- Opening Delimiter -
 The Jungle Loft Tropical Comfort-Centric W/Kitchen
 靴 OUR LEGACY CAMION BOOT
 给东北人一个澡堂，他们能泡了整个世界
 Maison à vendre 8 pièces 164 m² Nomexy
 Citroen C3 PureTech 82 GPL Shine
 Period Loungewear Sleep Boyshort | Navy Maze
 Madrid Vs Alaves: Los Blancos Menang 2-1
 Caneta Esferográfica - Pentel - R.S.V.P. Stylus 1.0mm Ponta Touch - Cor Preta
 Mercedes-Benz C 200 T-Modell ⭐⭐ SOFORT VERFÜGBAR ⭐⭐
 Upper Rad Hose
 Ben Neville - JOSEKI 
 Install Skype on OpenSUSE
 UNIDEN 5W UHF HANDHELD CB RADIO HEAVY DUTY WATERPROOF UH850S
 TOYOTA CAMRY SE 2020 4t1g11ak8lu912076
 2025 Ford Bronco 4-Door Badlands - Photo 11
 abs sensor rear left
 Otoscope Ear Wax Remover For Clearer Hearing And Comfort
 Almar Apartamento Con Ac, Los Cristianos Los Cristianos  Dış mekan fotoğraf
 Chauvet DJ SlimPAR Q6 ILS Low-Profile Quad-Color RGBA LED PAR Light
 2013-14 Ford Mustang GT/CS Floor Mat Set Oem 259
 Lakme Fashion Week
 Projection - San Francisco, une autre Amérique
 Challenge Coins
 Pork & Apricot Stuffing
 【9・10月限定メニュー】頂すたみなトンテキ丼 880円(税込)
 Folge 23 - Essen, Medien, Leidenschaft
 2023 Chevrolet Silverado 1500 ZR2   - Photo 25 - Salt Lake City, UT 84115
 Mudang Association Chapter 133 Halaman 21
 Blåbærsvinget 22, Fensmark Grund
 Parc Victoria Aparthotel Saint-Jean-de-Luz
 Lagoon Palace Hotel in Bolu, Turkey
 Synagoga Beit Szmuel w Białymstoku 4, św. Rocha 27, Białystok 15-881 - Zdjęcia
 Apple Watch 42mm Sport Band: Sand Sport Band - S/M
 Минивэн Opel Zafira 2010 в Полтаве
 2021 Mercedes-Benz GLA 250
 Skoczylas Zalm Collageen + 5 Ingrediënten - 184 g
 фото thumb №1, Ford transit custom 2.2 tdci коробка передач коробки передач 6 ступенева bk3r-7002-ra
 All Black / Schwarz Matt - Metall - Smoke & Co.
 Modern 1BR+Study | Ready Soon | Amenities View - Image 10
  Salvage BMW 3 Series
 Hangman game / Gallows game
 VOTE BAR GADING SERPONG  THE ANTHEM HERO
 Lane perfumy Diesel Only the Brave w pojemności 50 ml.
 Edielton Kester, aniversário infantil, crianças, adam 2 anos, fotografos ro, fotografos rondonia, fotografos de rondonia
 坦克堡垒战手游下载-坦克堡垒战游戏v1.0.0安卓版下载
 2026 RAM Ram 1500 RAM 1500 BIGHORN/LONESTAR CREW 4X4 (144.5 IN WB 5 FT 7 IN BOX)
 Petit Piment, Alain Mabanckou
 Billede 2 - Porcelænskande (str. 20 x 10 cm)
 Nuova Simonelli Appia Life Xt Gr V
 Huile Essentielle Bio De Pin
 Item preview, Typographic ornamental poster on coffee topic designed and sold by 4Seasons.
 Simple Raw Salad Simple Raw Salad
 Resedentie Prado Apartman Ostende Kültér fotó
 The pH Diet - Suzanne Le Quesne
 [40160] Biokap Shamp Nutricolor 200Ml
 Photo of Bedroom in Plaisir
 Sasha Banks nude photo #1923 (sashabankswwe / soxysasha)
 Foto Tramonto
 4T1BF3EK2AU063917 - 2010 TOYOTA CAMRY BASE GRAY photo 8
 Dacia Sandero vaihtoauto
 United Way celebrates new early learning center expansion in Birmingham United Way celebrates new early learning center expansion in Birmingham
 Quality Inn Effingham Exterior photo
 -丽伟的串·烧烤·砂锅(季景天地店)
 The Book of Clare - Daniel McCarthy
- Closing Delimiter -
Work to complete -> Within the data above, the lines from the one with "Pork & Apricot Stuffing" to the one with "VOTE BAR GADING" must be repeated exactly; no other line belongs in the answer.

Solution to the problem ->
 Pork & Apricot Stuffing
 【9・10月限定メニュー】頂すたみなトンテキ丼 880円(税込)
 Folge 23 - Essen, Medien, Leidenschaft
 2023 Chevrolet Silverado 1500 ZR2   - Photo 25 - Salt Lake City, UT 84115
 Mudang Association Chapter 133 Halaman 21
 Blåbærsvinget 22, Fensmark Grund
 Parc Victoria Aparthotel Saint-Jean-de-Luz
 Lagoon Palace Hotel in Bolu, Turkey
 Synagoga Beit Szmuel w Białymstoku 4, św. Rocha 27, Białystok 15-881 - Zdjęcia
 Apple Watch 42mm Sport Band: Sand Sport Band - S/M
 Минивэн Opel Zafira 2010 в Полтаве
 2021 Mercedes-Benz GLA 250
 Skoczylas Zalm Collageen + 5 Ingrediënten - 184 g
 фото thumb №1, Ford transit custom 2.2 tdci коробка передач коробки передач 6 ступенева bk3r-7002-ra
 All Black / Schwarz Matt - Metall - Smoke & Co.
 Modern 1BR+Study | Ready Soon | Amenities View - Image 10
  Salvage BMW 3 Series
 Hangman game / Gallows game
 VOTE BAR GADING SERPONG  THE ANTHEM HERO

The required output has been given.